Lando Norris will start the Formula 1 Sakhir Grand Prix from the final row of the grid after taking a fresh engine and turbocharger ahead of the race.
Norris qualified a lowly 15th on Saturday at the Bahrain International Circuit after mistiming his final lap in Q2, with the gains made by other drivers shuffling him to the bottom of the order.
It left McLaren weighing up a potential change to Norris’s Renault power unit in order to gain fresh parts ahead of the race and the season finale in Abu Dhabi next weekend.
FIA F1 technical delegate Nikolas Tombazis – who is standing in for Jo Bauer this weekend – confirmed ahead of the race in Bahrain that McLaren had taken two new parts on Norris’s power unit.
By fitting a fresh engine and turbocharger, Norris’s car has now exceeded the seasonal limit for both parts, triggering a grid penalty.
As a result, Norris will start today’s race from the back of the grid.
The McLaren driver will join Pietro Fittipaldi of Haas on the final row after the Brazilian also took new power unit elements on Saturday.
Although Fittipaldi is making his F1 debut, he continued with regular Haas driver Romain Grosjean’s allocation, meaning the new energy store and control electronics fitted to his car exceeded the season limit.
Both Norris and Fittipaldi have ‘back of grid’ penalties, but as Norris qualified higher, he is due to start ahead of the Haas racer.

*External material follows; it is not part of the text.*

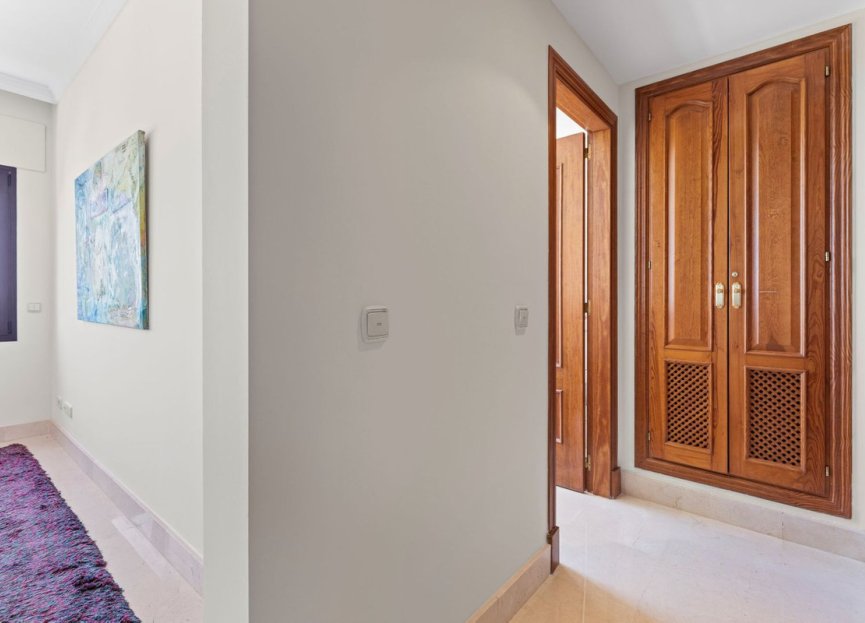 Resale - Apartment - Penthouse - Estepona - Estepona Centro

Norris’s penalty hands positions to Kevin Magnussen, Nicholas Latifi, Jack Aitken and Kimi Raikkonen on the grid, gaining one place each.
Norris is in need of a fightback to aid McLaren in its push for third place in the constructors’ championship.
McLaren currently sits 17 points clear of Racing Point in the race for third, but has only one car starting in the top 10 courtesy of Carlos Sainz Jr, who will line up eighth in Bahrain.
Sergio Perez qualified fifth in the leading Racing Point, while team-mate Lance Stroll will start 10th.
Norris said after qualifying on Saturday that he felt it could be difficult to overtake around the narrow outer loop layout in Bahrain.
“There should be some good racing, but it’s not as easy as everyone thinks it is to overtake here,” Norris said.
“It may look it, but it’s not. I think it’s going to be a tough race. So there’s still going to be some overtaking, but it’s not going to be as easy as what people think.”